Salford Red Devils’ new signing Jack Wells could be forgiven for thinking he has been cursed over the past couple of years.
The second-rower has been put through the ringer by injury on several occasions.
In September his long stint at Wigan ended with a medial ligament injury and dislocated kneecaps suffered in a match against St Helens.
Wells missed the whole 2018 season with a broken foot, not playing a single game, and then he struggled for regular game-time during 2019.
But now the 23-year-old is out for a fresh start at his new club and is keen to put his injury hell in the rear-view mirror.
“I’m all good at the moment,” Wells said.
“Last year I did my medial against St Helens and that kind of got me down a bit. I was just questioning myself, saying ‘why me, why can’t I get through a season without getting injured’.

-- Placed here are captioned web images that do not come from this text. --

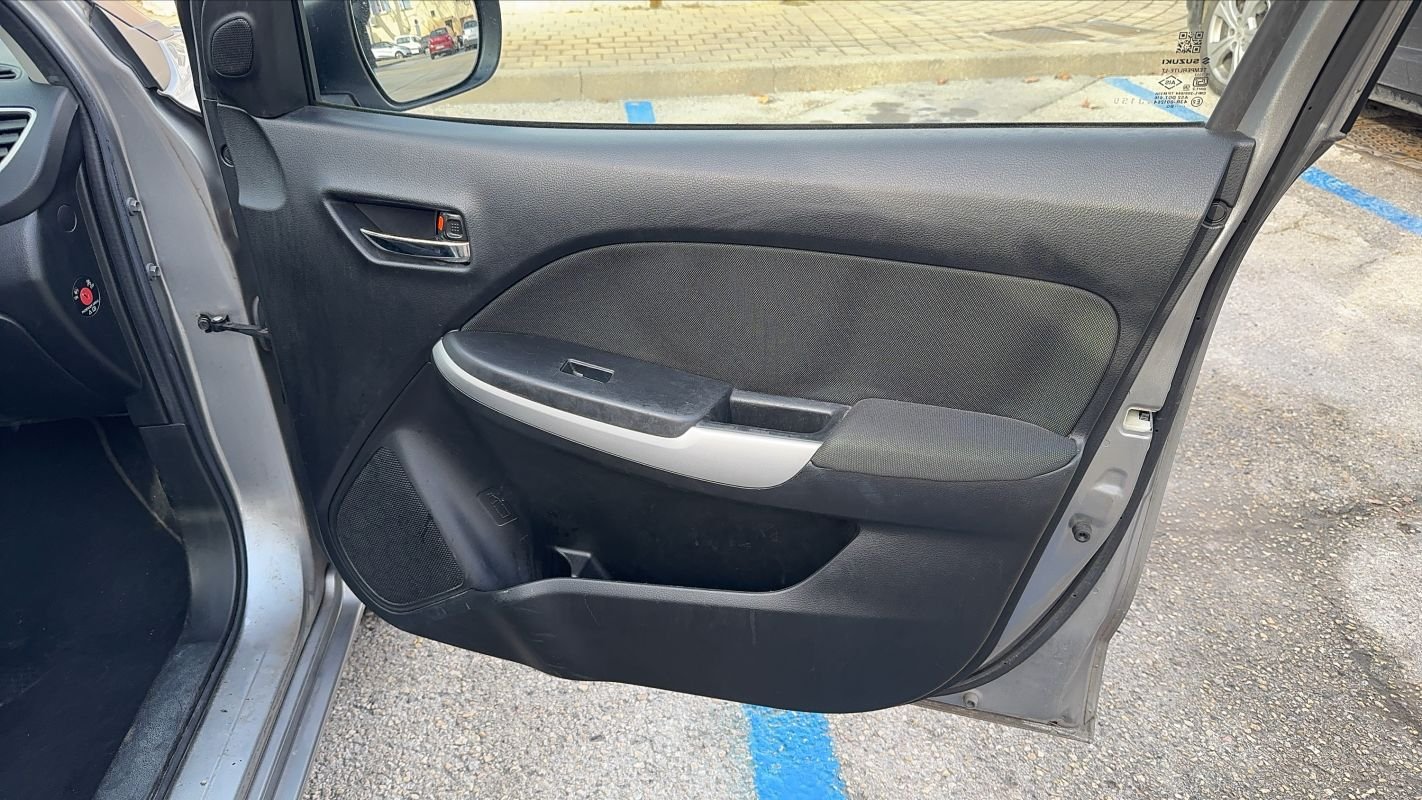 Suzuki Baleno - Photo 24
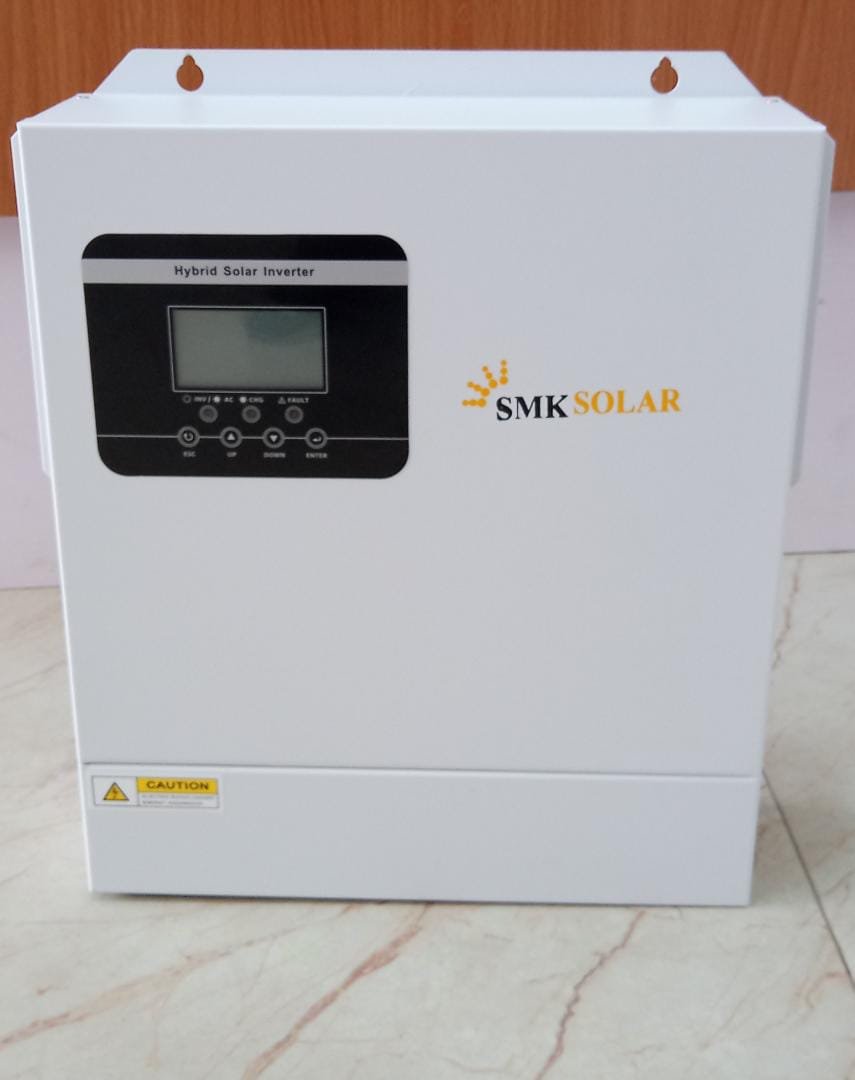 Hybrid Inverter controller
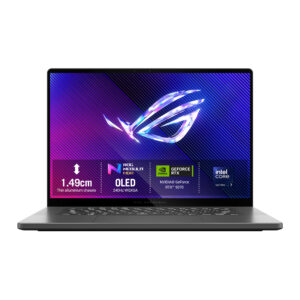 ZEPH 16 U7 255H 16GB 1TB 5070 GREY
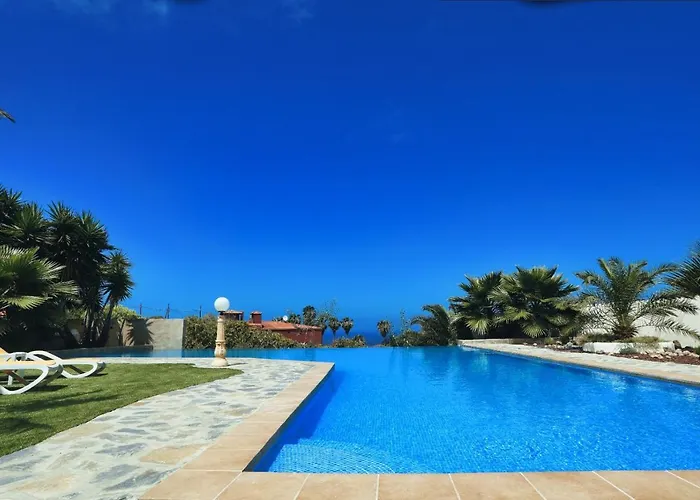 Lägenhet Vino Tinto 4 Icod De Los Vinos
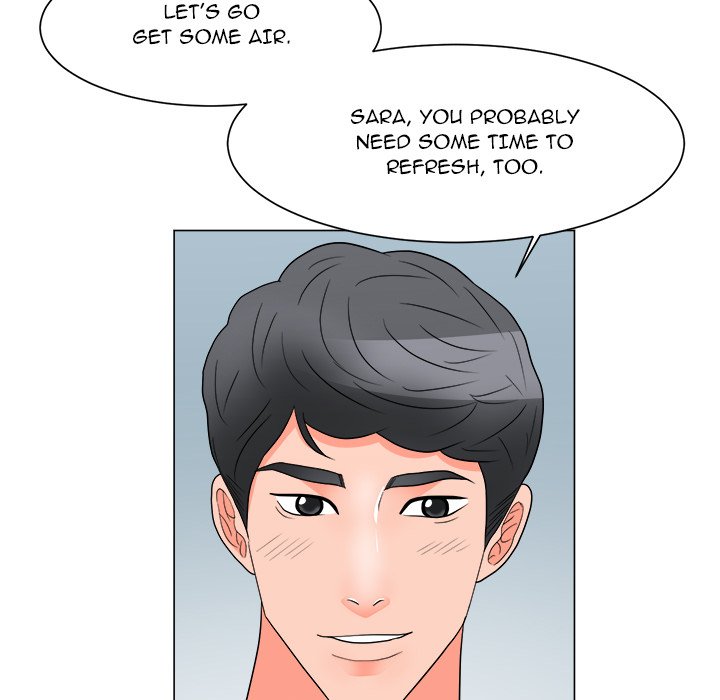 Family Business chapter 26 page 32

“But it’s the nature of the game and you can’t take that away. It happens. It’s a process every player goes through, I suppose, but some are luckier than others.
“It’s just the roll of the dice. That 2018 season was probably the big one where I was feeling down because I didn’t play a single game, I was injured all year.

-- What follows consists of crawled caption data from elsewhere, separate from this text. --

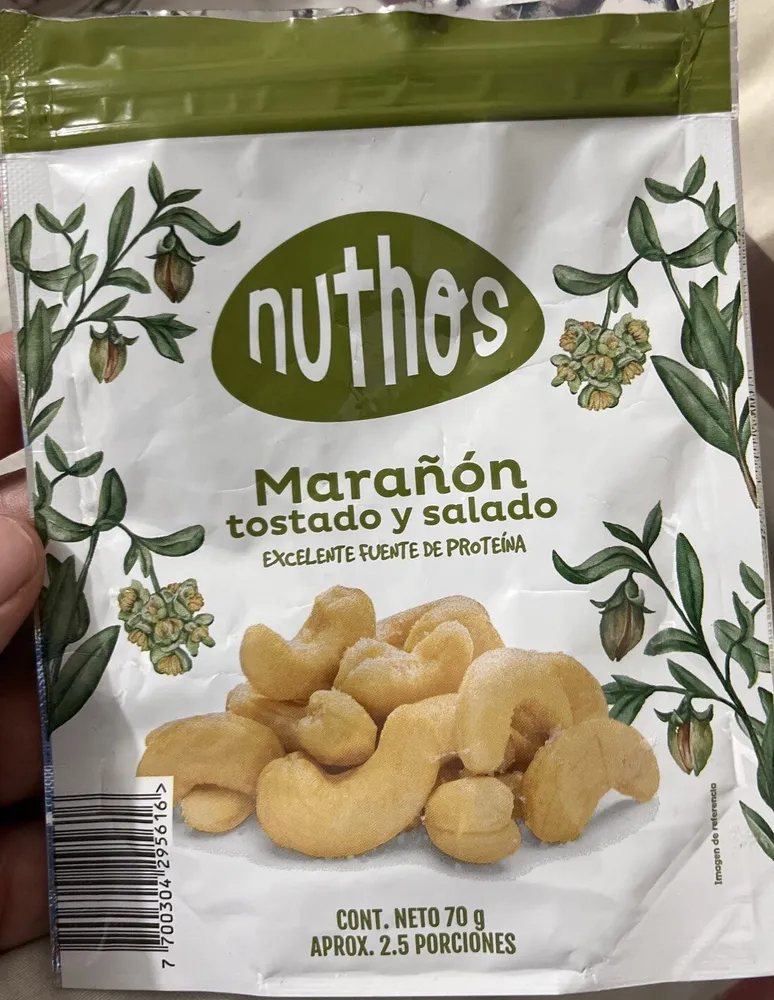 Marañones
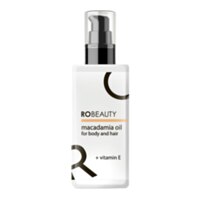 Robeauty Macadamia Oil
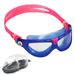 SBK Schwimmbrille Seal KID 2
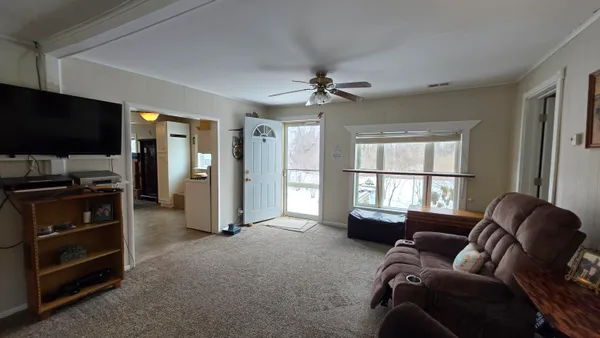 $199,900 | 14 5th Street, Morley, MI 49336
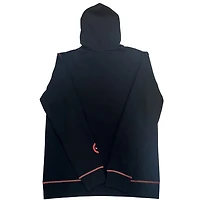 Marvel Deadpool Basic Icon Sweat à capuche à manches longues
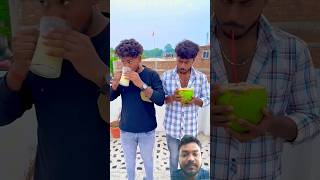 Bhai ne milaya 20 comedy realfoolscomedy funny shorts [upl. by Tesil]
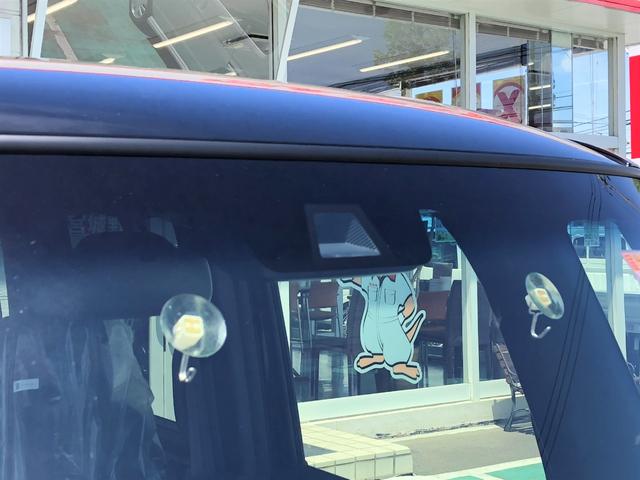 L ちょい乗り車 衝突被害軽減ブレーキ 後方クリアランスソナー 左側電動スライドドア バックカメラ オートクルーズ USB充電 シートバックテーブル(25枚目)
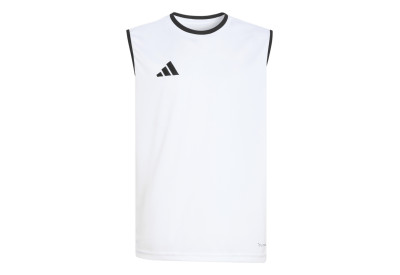 Dětské tréninkové tílko adidas Entrada 26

“Doing rehab on my own every day was difficult but I’ve bounced back from all that now and I’m ready to crack on with the new season and I want to get as many games as I can under my belt.”

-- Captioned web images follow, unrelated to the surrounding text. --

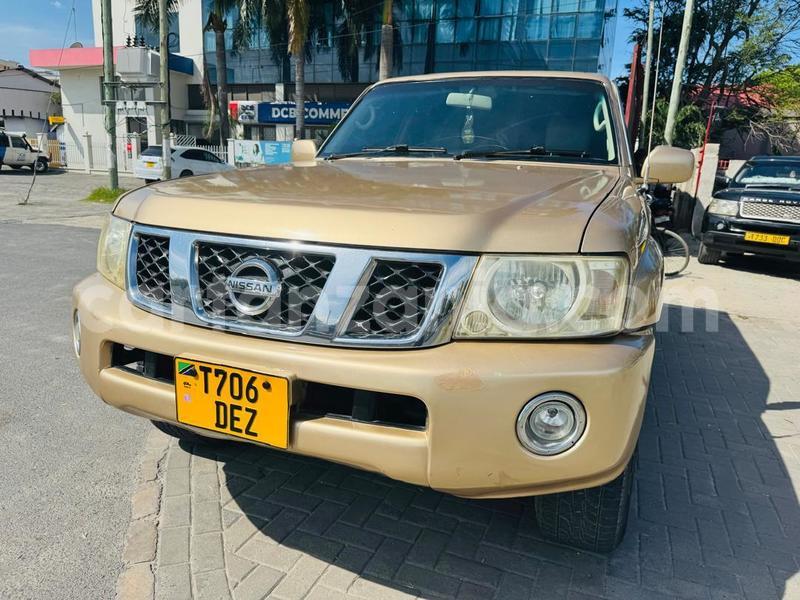 Big with watermark nissan patrol dar es salaam dar es salaam 24771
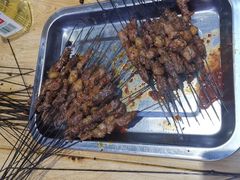 -清真·马峰烤肉(小学习北巷店)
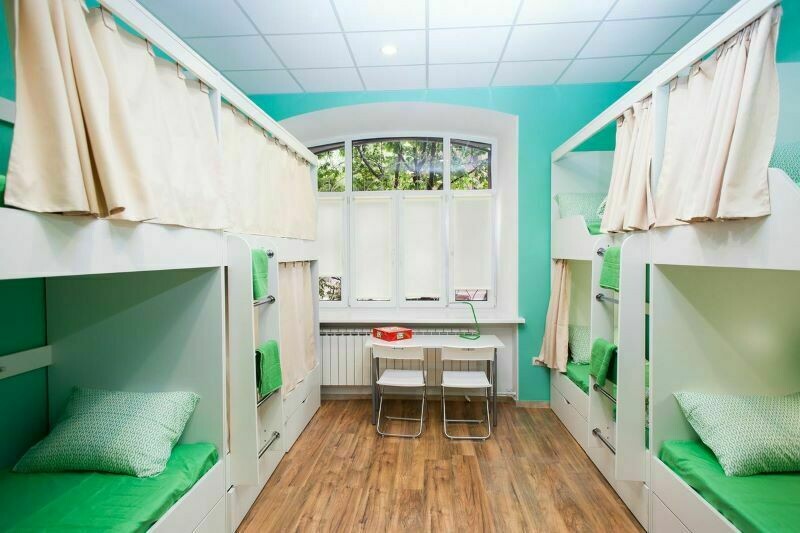 Блог - Как найти жилье на месте, если вы путешествуете «дикарем» Как найти жилье на месте, если вы путешествуете «дикарем»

Wells debuted for Wigan as a 19-year-old in 2016 and has had loan spells at Swinton and Toronto. But the forward, now 23, feels he has a point to prove in Super League.
“I just want to put myself in the shop window to show everyone what I can do and prove a point that I do belong in Super League,” he said.
“I did enjoy my 2019 season at Swinton, which gave me the opportunity to play after that year of being injured. And I hold them in deep respect.
“But Super League’s obviously a step up and that’s where I want to be, so there are a lot of points to be proved.”
Wells spent a decade with the Warriors, coming through the club’s youth system.
He admits it was difficult to leave Wigan, but is excited to have joined Salford, the club he has supported since childhood.
“I’d been there since I was 13 years old and I came through the scholarship system, the Academy and got the chance to sign for the first team. So it was emotionally tough leaving. It was kind of a surreal feeling, as I’d been there from such a young age and that’s all I’ve known.
“But to be in a different environment tests your character as a person and your development as a player when you’re meeting new people and training with new players. It’s been a great experience and I just can’t wait till the season gets going.
“My whole family’s chuffed with me. I’ve been watching Salford since I was six years old. Signing for them now is an amazing feeling.”